Bei verheirateten Eltern wird davon ausgegangen, dass sie sich einig sind.

"Die Entrechtung des Vaters" kommt zum Beispiel zum Zuge, wenn sich die Eltern nicht auf eine Schule einigen können, das Kind aber eingeschult werden muss.

Beitrag von widowwadman 17.03.11 - 17:34 Uhr

Achso, und da sollte der Vater dann einfach nichts zu sagen haben, damit die Mutter ihren Kopf durchsetzen kann?

Beitrag von ichclaudia 19.03.11 - 20:11 Uhr

Falsch, aber einer muss ja das letzte Wort haben, wenn die Eltern sich uneinig sind. Ansonsten würden schulpflichtige Kinder in dem Fall GAR NICHT eingeschult werden können, wenn beispielsweise die Mutter eine Grundschule wünscht, dass nach Montessouri-Pädagogik arbeitet und der Vater eine Waldorfschule wünscht...

Beitrag von thea21 16.03.11 - 11:48 Uhr

Ich würde Sie mal fragen, für was sie IMMER und STÄNDIG eine Unterschrift braucht.

Papa und ich haben ebenso geteilte Sorge und ich brauchte bisher (sie ist 5 Jahre alt) viell. 4 Mal seine Unterschrift.

Beitrag von engel83w 16.03.11 - 16:06 Uhr

Sie brauchte bis jetzt eine unterschrift wg einem konto für das mädchen (8). und sonst nie.

Beitrag von parzifal 16.03.11 - 12:42 Uhr

Das mit dem "ständig für alles (?) seine Unterschrift benötigen" ist ein vorgeschobenes Argument.

Die handvoll Unterschriften kann schwerlich mit "für alles" in Einklang gebracht werden.

Wenn man aber Einfluß haben will auf wichtige Entscheidungen (z.B. welche Schule mal besucht werden soll) gibt es keinen Grund auf das Sorgerecht zu verzichten.

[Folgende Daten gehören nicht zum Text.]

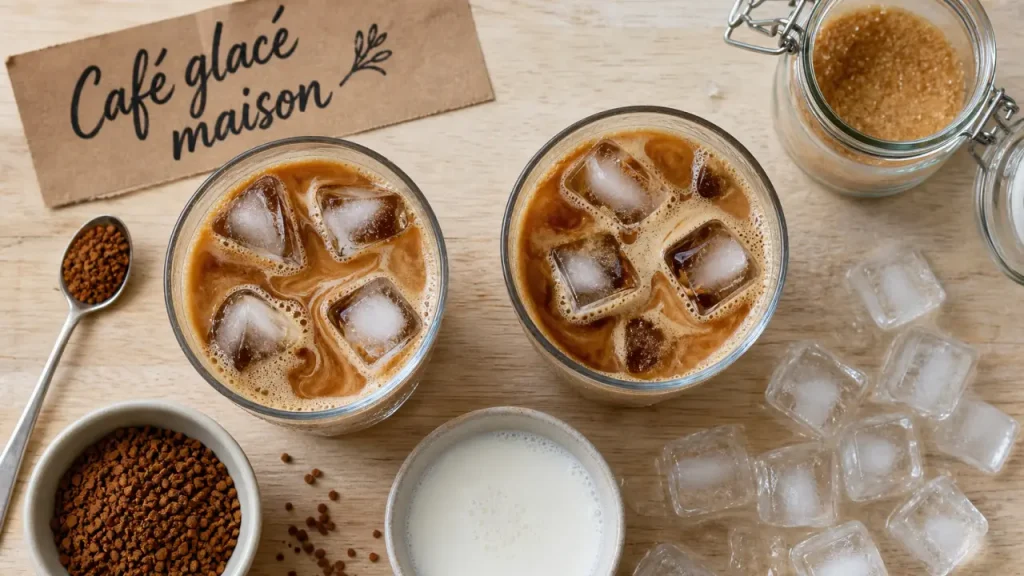 Café glacé recette maison en 5 minutes, glaçons et lait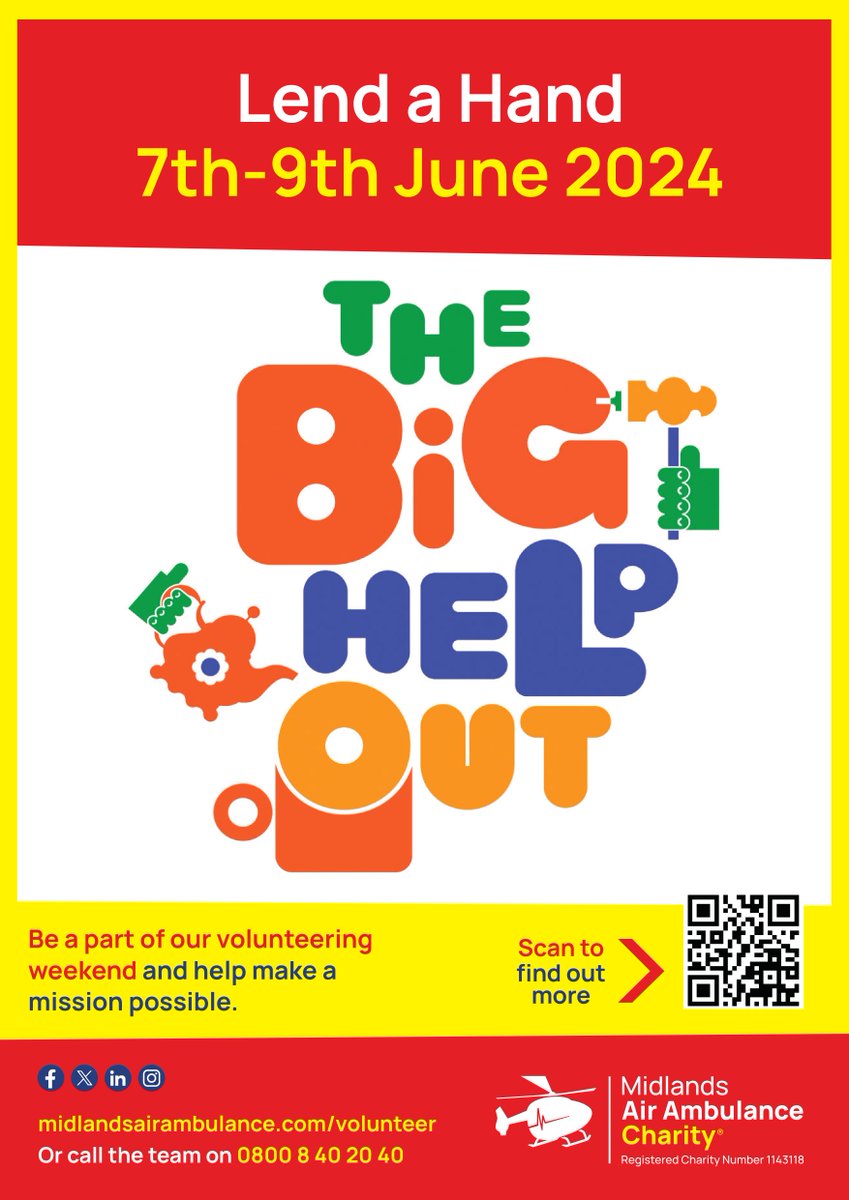 🌟 Join The Big Help Out! 🌟 🤝 Can you lend a helping hand between June 7th-9th? We need YOU! 📧 Email volunteer@midlandsairambulance.com to get involved. Be a part of our volunteering weekend and help make a mission possible. Together, we can make a difference! 🚁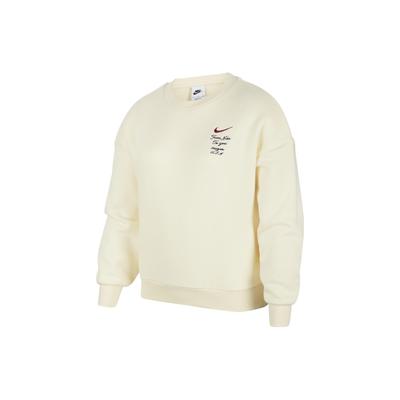 Nike Nakışlı Logolu Yuvarlak Yaka Bol Kesim Günlük Polar Uzun Kollu Çocuk Üstleri Hindistan Cevizi Sütü FV8449-113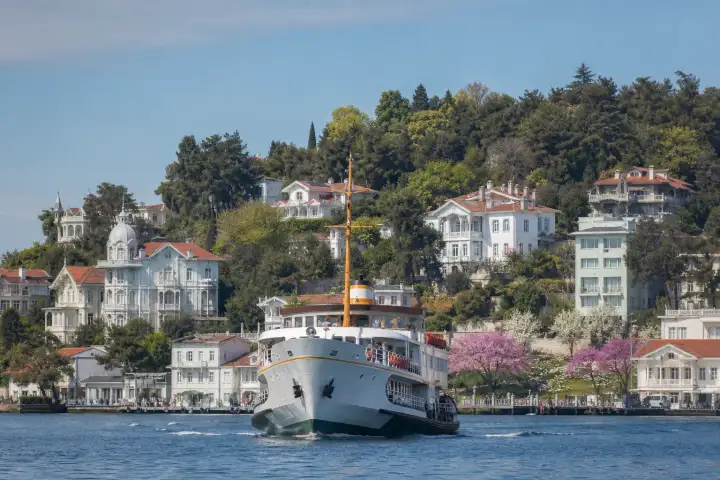 A classic passenger ferry approaching the historic wooden mansions of Büyükada in spring.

Schon gar nicht um der Mutter die Einholung einer Handvoll Unterschriften im Leben zu ersparen.

Beitrag von maxundich 16.03.11 - 13:58 Uhr

Hallo Patricia,

mein Ex und ich haben auch gemeinsames Sorgerecht (seit mittlerweile 8 Jahren!). Bisher habe ich nur 3x seine Unterschrift gebraucht (1x für Sparbucheröffnung, 1x Antrag Kinderausweis, 1x Antrag Reisepass). Das ist also nicht das Problem.

Ich würde das Sorgerecht an Stelle deines Mannes nicht abgeben. Er hätte dann keinerlei Mitspracherecht mehr, weder was Schule noch den Wohnsitz angeht.

Viele Grüße
maxundich

Beitrag von ungeheuerlich 16.03.11 - 14:28 Uhr

Hallo,

also als krasses Beispiel:

Wenn die Ex das alleinige Sorgerecht hat, kann sie sich das Kind schnappen und z.B. ins Ausland auswandern ohne dafür ein Einverständis zu brauchen.
Ich würde das nie und nimmer machen.

LG

Kerstin

Beitrag von engel83w 16.03.11 - 16:07 Uhr

Genau das denken wir auch das sie das vor hat.

Beitrag von ungeheuerlich 16.03.11 - 20:20 Uhr

Dann denke ich, hat sich Deine Frage erledigt, oder ? ;-)

Beitrag von marion2 17.03.11 - 11:35 Uhr

Hallo,

wenn sie das Aufenthaltsbestimmungsrecht hat, kann sie das auch mit gemeinsamem Sorgerecht.

Gruß Marion

Beitrag von ungeheuerlich 17.03.11 - 13:04 Uhr

Das ist richtig.

Aber auch das haben die wenigsten Mütter. In dem Fall gehe ich davon nicht aus.